▶ **Records for this task**:

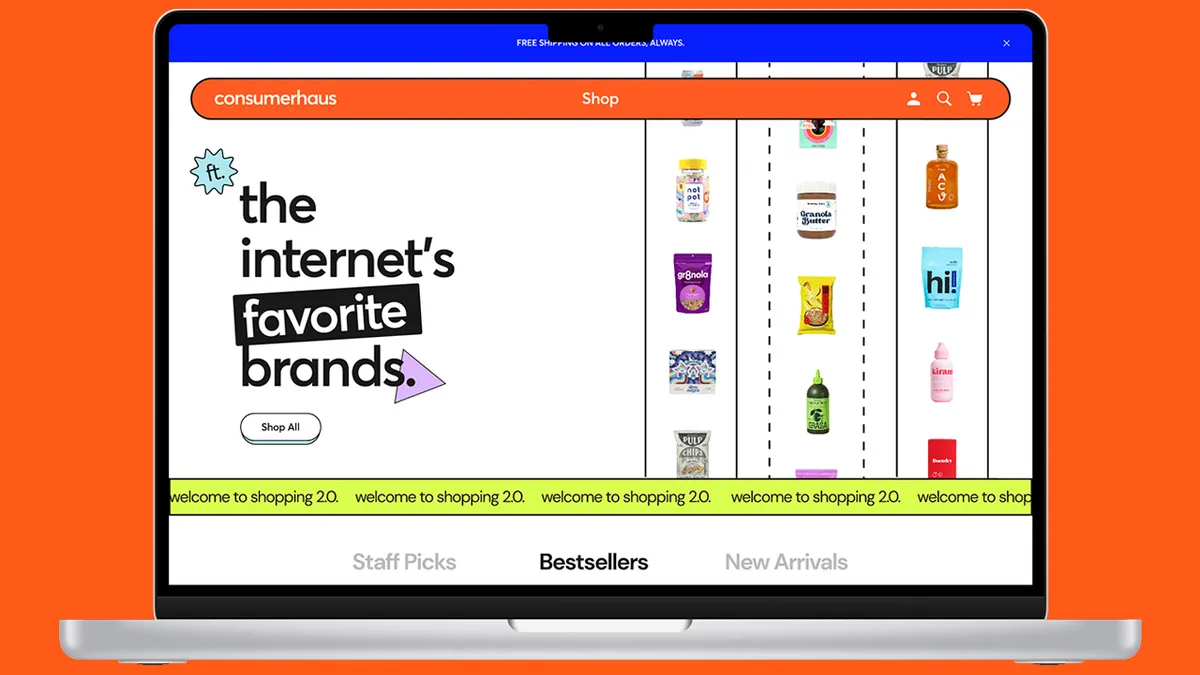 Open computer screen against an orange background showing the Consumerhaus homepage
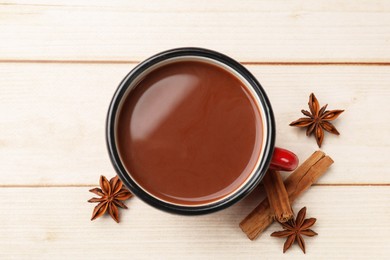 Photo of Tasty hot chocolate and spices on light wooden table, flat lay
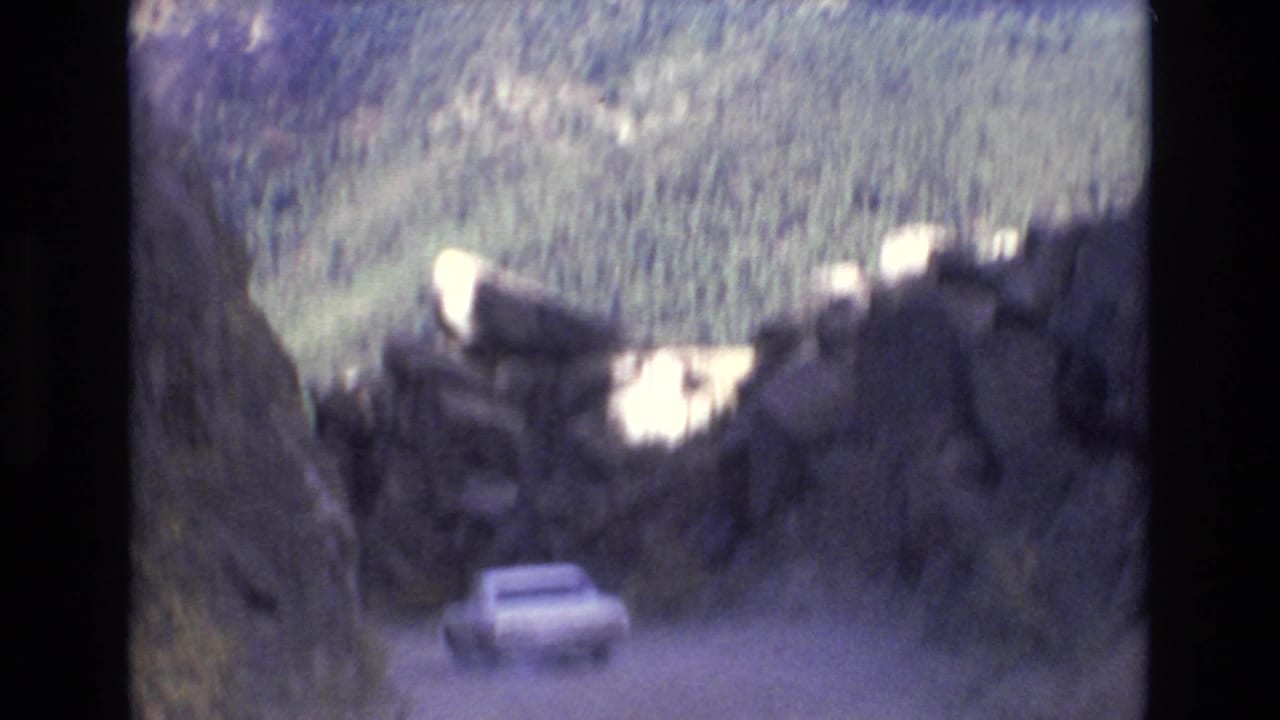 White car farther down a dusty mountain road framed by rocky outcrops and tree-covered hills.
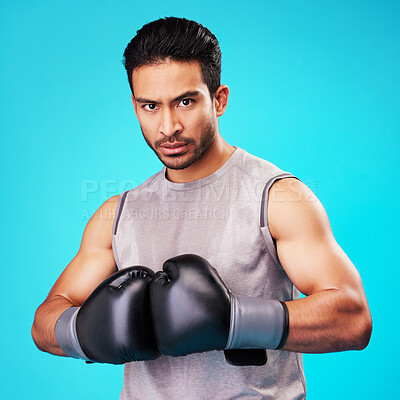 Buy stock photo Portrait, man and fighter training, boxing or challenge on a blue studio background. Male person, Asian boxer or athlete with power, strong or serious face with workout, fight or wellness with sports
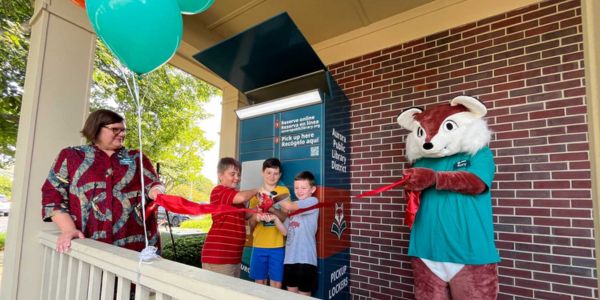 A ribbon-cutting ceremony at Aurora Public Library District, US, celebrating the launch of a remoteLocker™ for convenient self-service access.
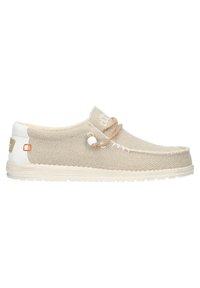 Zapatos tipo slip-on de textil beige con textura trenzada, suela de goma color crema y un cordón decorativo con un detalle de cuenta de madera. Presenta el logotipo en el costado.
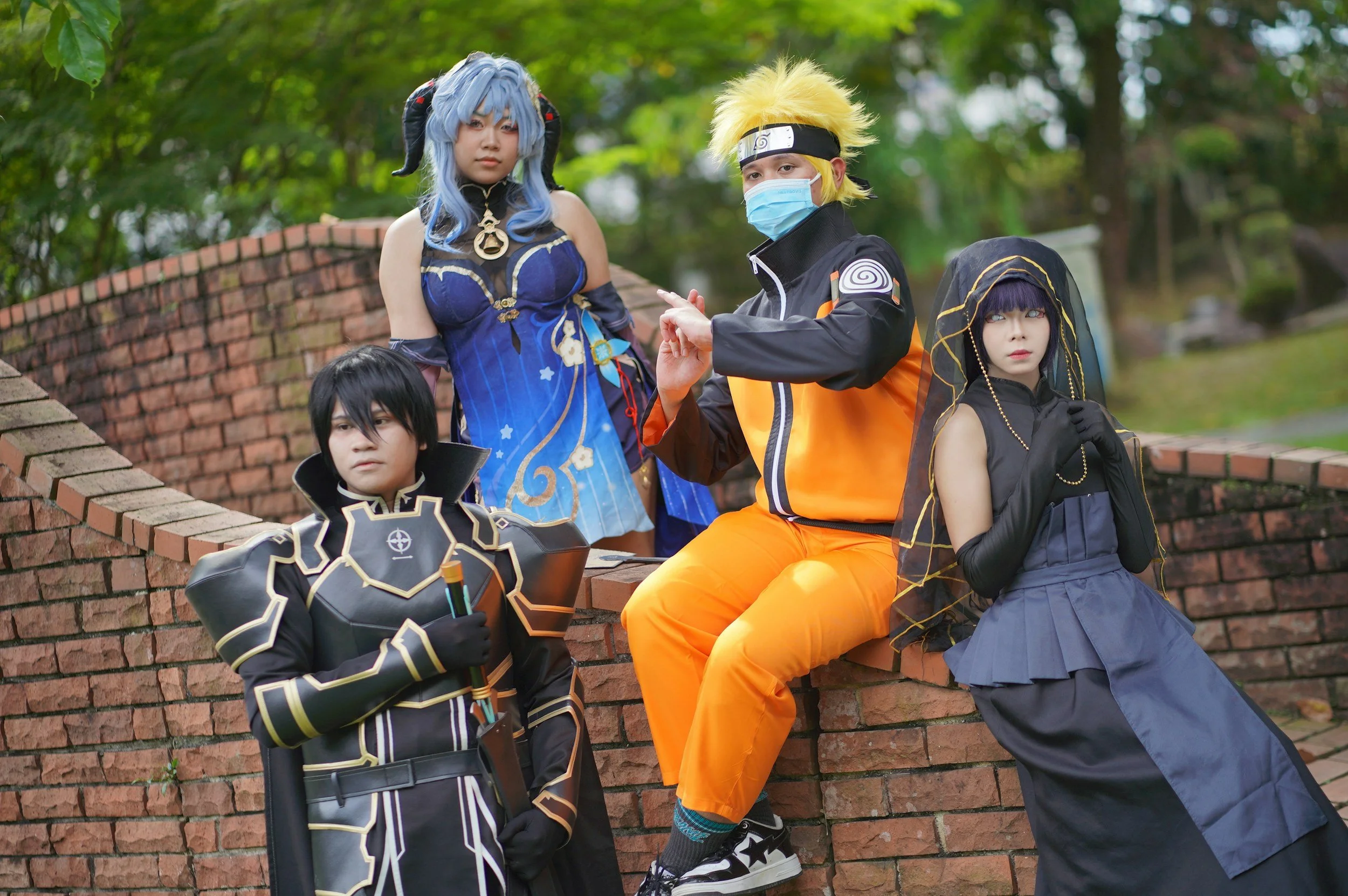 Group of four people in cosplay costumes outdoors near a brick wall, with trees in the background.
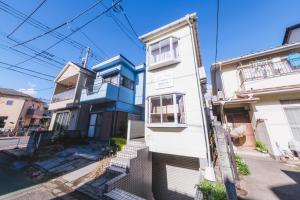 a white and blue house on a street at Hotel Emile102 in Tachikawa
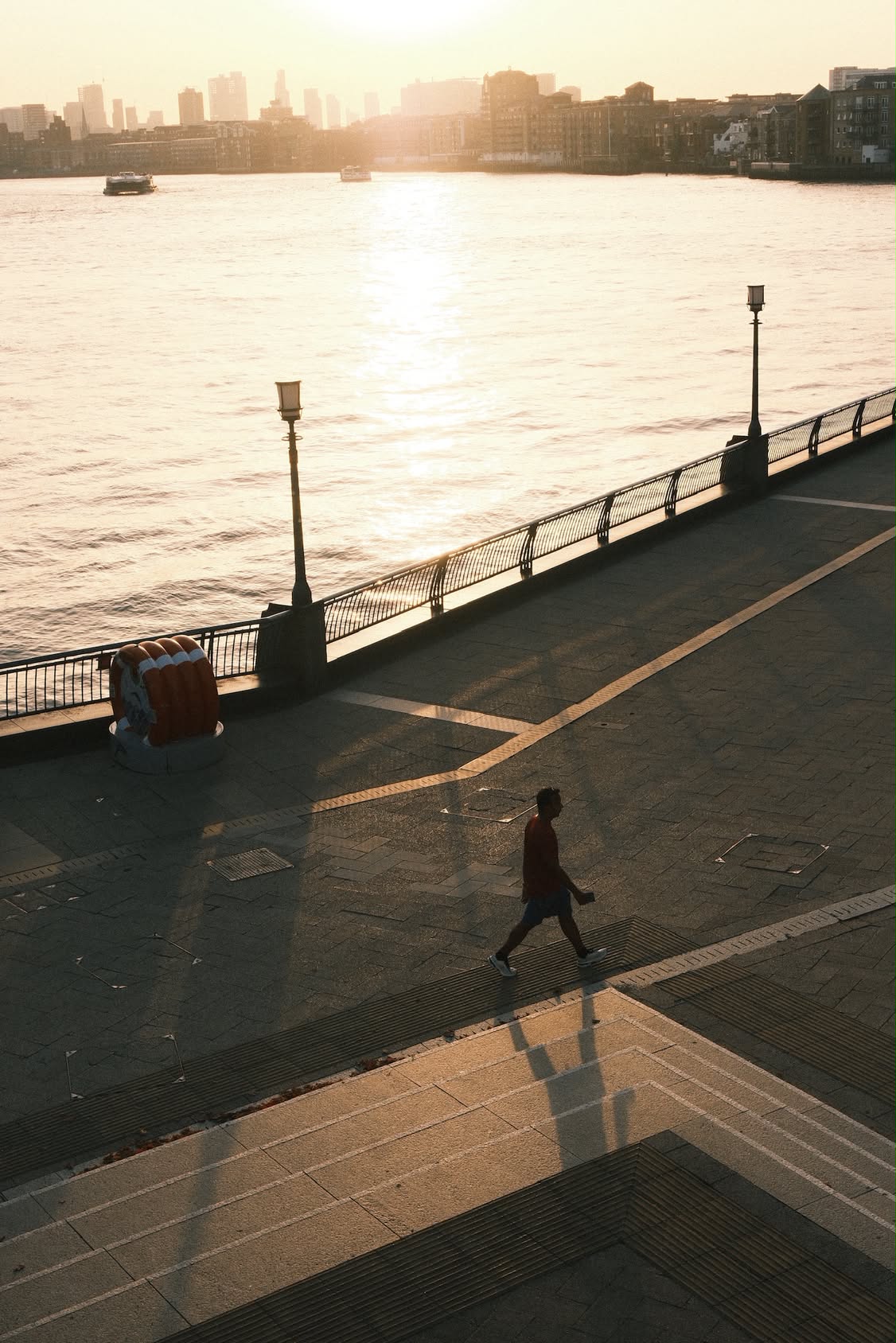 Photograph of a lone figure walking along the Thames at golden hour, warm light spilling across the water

▶ **What is being asked**: Pictures aside, retype the material exactly.

▶ **Output below**:
 Open computer screen against an orange background showing the Consumerhaus homepage
 Photo of Tasty hot chocolate and spices on light wooden table, flat lay
 White car farther down a dusty mountain road framed by rocky outcrops and tree-covered hills.
 Buy stock photo Portrait, man and fighter training, boxing or challenge on a blue studio background. Male person, Asian boxer or athlete with power, strong or serious face with workout, fight or wellness with sports
 A ribbon-cutting ceremony at Aurora Public Library District, US, celebrating the launch of a remoteLocker™ for convenient self-service access.
 Zapatos tipo slip-on de textil beige con textura trenzada, suela de goma color crema y un cordón decorativo con un detalle de cuenta de madera. Presenta el logotipo en el costado.
 Group of four people in cosplay costumes outdoors near a brick wall, with trees in the background.
 a white and blue house on a street at Hotel Emile102 in Tachikawa
 Photograph of a lone figure walking along the Thames at golden hour, warm light spilling across the water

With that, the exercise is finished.